A primeira constatação é que os aparatos sindicais são os que permitiram que passasse o ataque aos operários; o que não é algo conjuntural. Eles são os que fizeram o trabalho sujo. Por isso, todos os "especialistas em conflitos", os sociólogos, o governo e o próprio Sarkozy, lhes felicitam por seu "sentido da responsabilidade". Sem dúvida, a burguesia pode felicitar-se de ter sindicatos "responsáveis", capazes de quebrar um movimento tão amplo e ao mesmo tempo fazer crer que fizeram todo o possível para ajudá-lo e que se desenvolva. Ao mesmo tempo, são os mesmos aparatos sindicais que conseguiram asfixiar e marginalizar as autênticas expressões da luta autônoma da classe operária e de todos os trabalhadores.

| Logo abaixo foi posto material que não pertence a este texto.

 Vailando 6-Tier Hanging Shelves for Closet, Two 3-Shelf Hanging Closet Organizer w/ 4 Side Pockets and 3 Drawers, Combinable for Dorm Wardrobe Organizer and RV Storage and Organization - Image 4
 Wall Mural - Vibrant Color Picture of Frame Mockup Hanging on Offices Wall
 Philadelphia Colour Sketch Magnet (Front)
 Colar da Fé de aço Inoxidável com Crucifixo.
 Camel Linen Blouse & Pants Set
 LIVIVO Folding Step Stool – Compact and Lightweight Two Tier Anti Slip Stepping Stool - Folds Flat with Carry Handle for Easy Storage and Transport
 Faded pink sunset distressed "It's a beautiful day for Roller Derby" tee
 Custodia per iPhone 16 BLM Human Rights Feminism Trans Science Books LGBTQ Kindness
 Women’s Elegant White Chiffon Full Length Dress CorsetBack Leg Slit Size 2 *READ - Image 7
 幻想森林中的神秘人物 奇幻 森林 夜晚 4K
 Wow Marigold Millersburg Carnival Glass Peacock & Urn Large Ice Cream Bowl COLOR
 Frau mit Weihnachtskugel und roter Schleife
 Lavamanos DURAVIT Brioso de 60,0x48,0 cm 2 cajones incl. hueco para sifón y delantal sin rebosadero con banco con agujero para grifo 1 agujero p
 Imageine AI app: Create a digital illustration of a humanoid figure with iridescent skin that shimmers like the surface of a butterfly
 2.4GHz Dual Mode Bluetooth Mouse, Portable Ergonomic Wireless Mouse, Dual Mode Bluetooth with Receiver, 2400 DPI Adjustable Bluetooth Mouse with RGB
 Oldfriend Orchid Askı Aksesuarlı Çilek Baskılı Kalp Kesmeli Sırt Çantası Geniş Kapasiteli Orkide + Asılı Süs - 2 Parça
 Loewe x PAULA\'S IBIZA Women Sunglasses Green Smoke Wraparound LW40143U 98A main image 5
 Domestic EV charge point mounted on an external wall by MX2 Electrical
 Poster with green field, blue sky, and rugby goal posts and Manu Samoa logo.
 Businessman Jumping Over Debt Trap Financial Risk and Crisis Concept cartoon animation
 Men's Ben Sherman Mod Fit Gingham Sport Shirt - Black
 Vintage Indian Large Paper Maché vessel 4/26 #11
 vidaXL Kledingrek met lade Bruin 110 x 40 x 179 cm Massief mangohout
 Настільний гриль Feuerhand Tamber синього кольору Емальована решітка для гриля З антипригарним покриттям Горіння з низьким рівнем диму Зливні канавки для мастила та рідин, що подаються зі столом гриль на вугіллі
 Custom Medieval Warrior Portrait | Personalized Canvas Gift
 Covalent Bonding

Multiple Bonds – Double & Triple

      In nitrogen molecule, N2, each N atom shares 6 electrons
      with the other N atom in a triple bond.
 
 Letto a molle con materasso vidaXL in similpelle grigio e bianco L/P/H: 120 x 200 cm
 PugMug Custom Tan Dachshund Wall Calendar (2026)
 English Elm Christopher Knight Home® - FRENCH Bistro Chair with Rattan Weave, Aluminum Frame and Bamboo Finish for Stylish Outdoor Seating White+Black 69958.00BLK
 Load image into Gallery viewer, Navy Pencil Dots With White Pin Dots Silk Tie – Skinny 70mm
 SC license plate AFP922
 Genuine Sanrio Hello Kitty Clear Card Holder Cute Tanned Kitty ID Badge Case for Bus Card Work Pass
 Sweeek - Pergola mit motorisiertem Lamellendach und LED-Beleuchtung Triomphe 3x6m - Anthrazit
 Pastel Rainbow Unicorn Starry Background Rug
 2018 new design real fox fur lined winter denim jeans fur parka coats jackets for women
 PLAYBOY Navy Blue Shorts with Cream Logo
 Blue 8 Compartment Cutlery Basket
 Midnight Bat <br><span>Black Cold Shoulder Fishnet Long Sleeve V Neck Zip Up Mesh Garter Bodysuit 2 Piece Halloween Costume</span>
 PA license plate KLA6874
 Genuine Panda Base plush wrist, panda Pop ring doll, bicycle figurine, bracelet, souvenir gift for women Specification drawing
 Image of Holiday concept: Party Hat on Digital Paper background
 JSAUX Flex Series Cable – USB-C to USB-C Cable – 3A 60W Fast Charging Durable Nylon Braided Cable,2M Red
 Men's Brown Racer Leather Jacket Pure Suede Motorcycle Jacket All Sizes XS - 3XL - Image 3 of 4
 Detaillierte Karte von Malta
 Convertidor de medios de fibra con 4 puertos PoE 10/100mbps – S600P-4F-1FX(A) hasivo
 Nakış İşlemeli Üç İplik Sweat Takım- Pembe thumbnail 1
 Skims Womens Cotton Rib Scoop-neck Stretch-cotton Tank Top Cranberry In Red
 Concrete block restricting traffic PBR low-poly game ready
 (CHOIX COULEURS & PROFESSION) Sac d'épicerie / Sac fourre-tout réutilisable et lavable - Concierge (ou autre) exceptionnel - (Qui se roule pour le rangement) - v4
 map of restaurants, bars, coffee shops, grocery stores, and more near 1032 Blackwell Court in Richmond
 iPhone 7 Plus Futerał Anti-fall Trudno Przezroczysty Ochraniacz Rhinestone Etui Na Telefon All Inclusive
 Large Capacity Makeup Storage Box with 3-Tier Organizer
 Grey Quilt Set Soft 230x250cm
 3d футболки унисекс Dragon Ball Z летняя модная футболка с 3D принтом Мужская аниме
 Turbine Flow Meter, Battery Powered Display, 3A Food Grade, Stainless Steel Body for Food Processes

No entanto, este fracasso tem dado numerosos frutos. Apesar de todos os esforços e meios empregados pelo conjunto das forças da burguesia para tampar as brechas por onde aflora a ira da classe trabalhadora, não conseguiram levar para a derrota um só setor, como ocorreu em 2003 [3] na luta contra as aposentadorias do setor público. Com efeito, essa terminou em um duro retrocesso dos trabalhadores do Ensino Público após numerosas semanas em greve.

Este movimento está em via de acabar, porém "o ataque só começou. Perdemos uma batalha, mas não perdemos a guerra. A burguesia nos declara a guerra de classes e ainda estamos em prontidão para combater" (Panfleto intitulado Ninguém pode lutar, decidir e ganhar em nosso lugar", assinado pelos trabalhadores fixos e precarizados da Assembleia Geral Interprofissional da Gare de l'Est e de Ille de France (Paris); citado aqui acima). Para defendermos, não temos outra opção senão a de estender e desenvolver massivamente nossas lutas, tomando-as em nossas próprias mãos.

"Tomar a confiança em nossas próprias forças" deverá ser a consigna de amanhã.

Ww (6 de novembro de 2010)


[1]  Todos os partidos de esquerda, que se somaram à mobilização para não entrar em total descrédito, estavam também de acordo com a imperiosa necessidade atacar a classe operária neste ponto, visto que, assim, haviam votado uma lei neste sentido.

[2] Consideramos esses últimos como autênticas expressões das necessidades da luta operária. Não tem nada a ver com as Coordenadoras, criadas e dirigidas pelos sindicatos e as organizações esquerdistas, e que nós denunciamos em repetidas ocasiões quando do movimento dos ferroviários em 1986 ou do movimento no setor de saúde em 1988.